__Assigned task__. Your copy runs from the line containing "Certificate of Membership – camila cuervo" through the last line of the listing, both included. Restate those lines word for word and leave out pictures.

__Task input__.
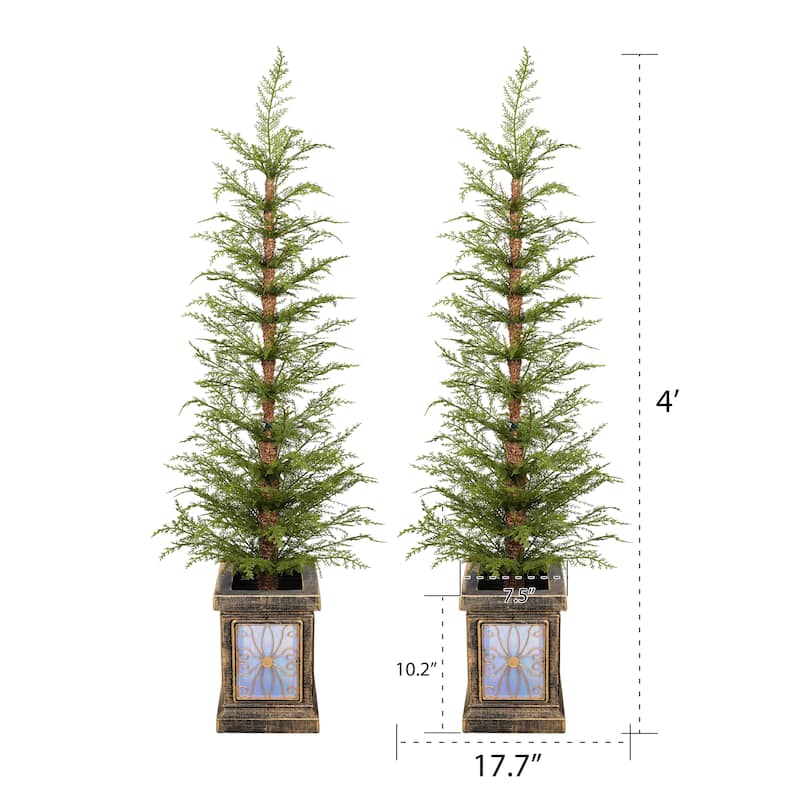 Christopher Knight Home - Petite Modern Pre-Lit Artificial Christmas Tree Set with Potted Stand and Realistic PE Needles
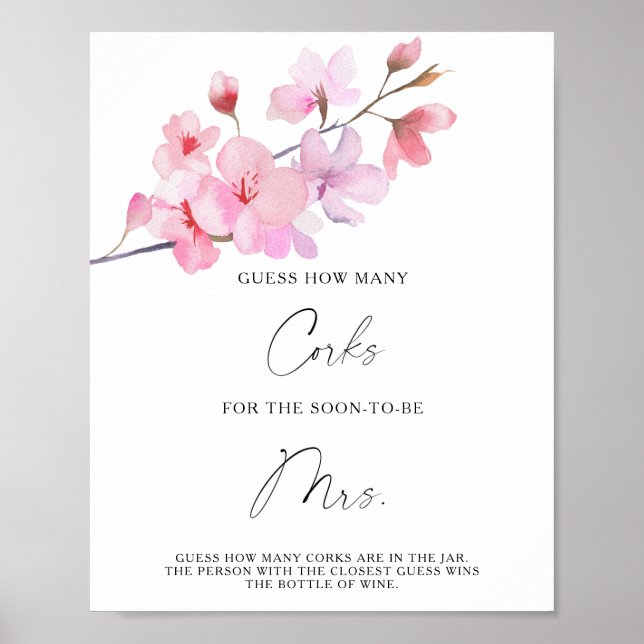 Poster Ramo Sakura - Adivinhe Quantas Rolhas (Frente)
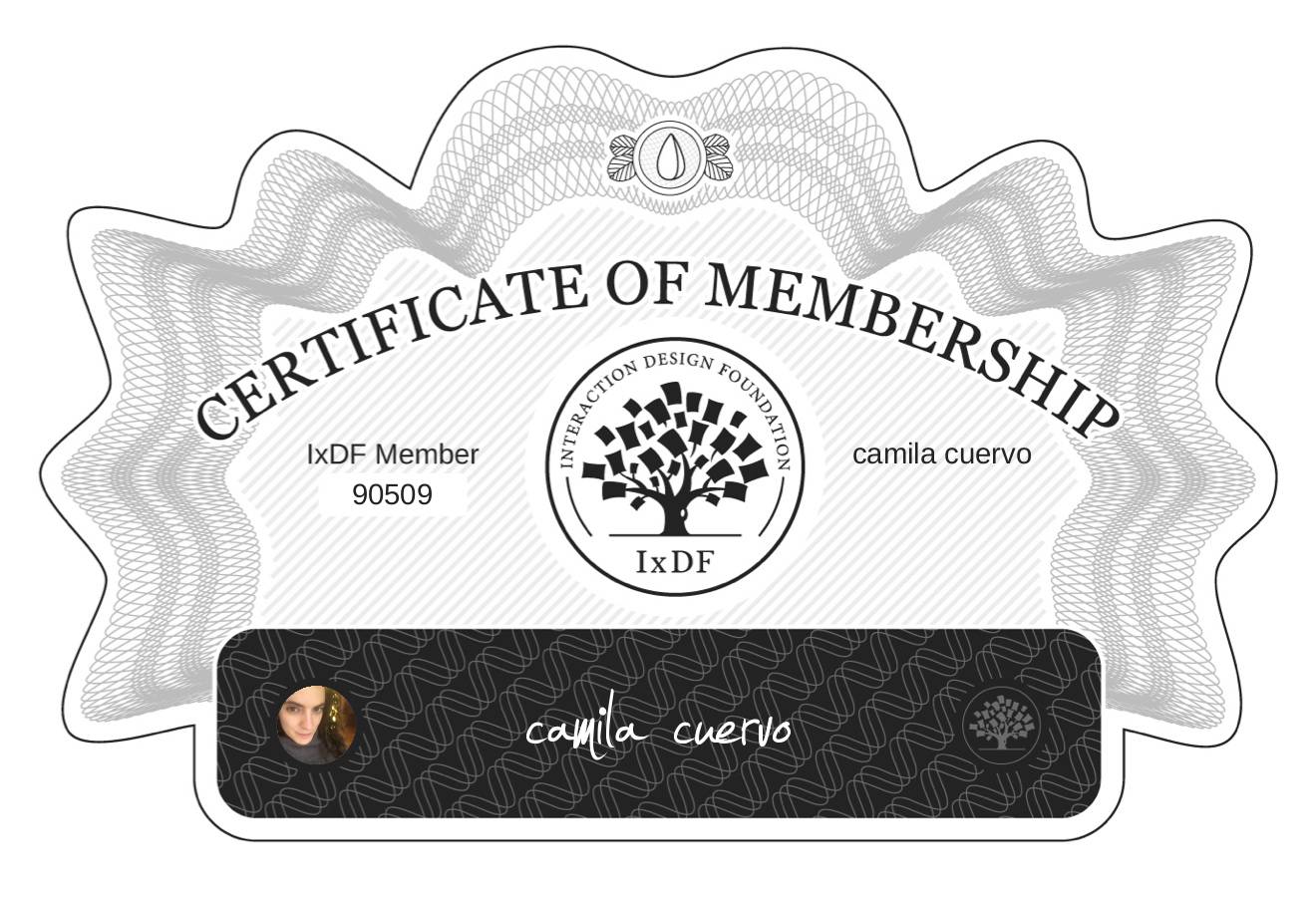 Certificate of Membership – camila cuervo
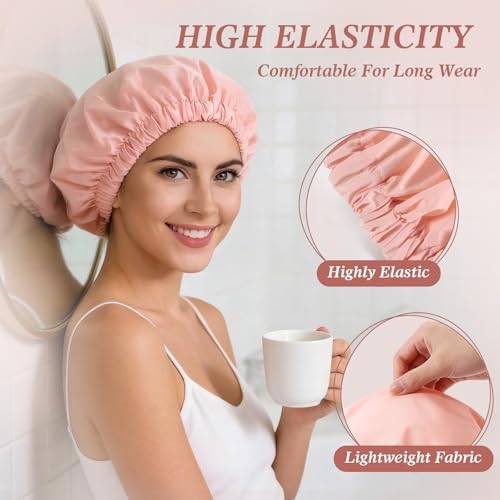 Waterproof Shower Cap for Women - Extra Large Reusable Bath Cap, Leakproof Shower Bonnet with Soft Elastic Band for Long Hair, Braids, Washing Face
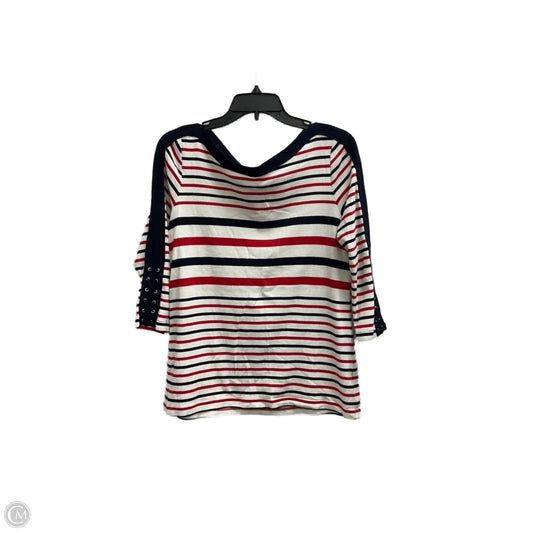 Top 3/4 Sleeve By Chaps In Blue Red & White, Size: L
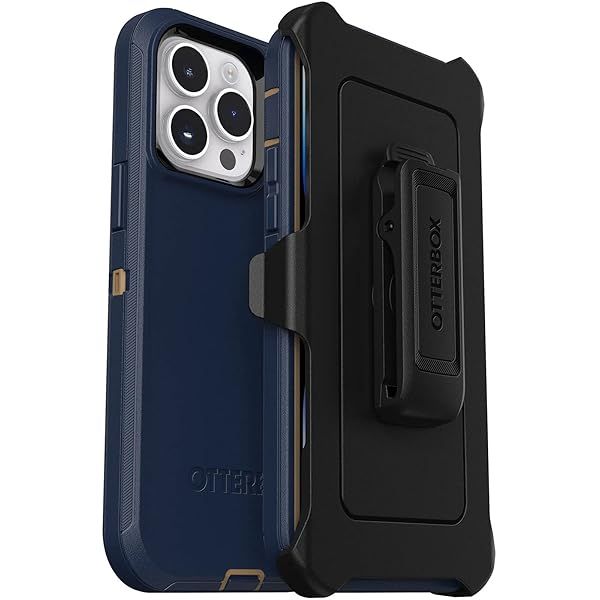 OtterBox Defender Series Case for iPhone 14 Pro Max Rugged Durable with Holster Clip Kickstand Blue Suede Shoes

__Answer to the problem__.
 Certificate of Membership – camila cuervo
 Waterproof Shower Cap for Women - Extra Large Reusable Bath Cap, Leakproof Shower Bonnet with Soft Elastic Band for Long Hair, Braids, Washing Face
 Top 3/4 Sleeve By Chaps In Blue Red & White, Size: L
 OtterBox Defender Series Case for iPhone 14 Pro Max Rugged Durable with Holster Clip Kickstand Blue Suede Shoes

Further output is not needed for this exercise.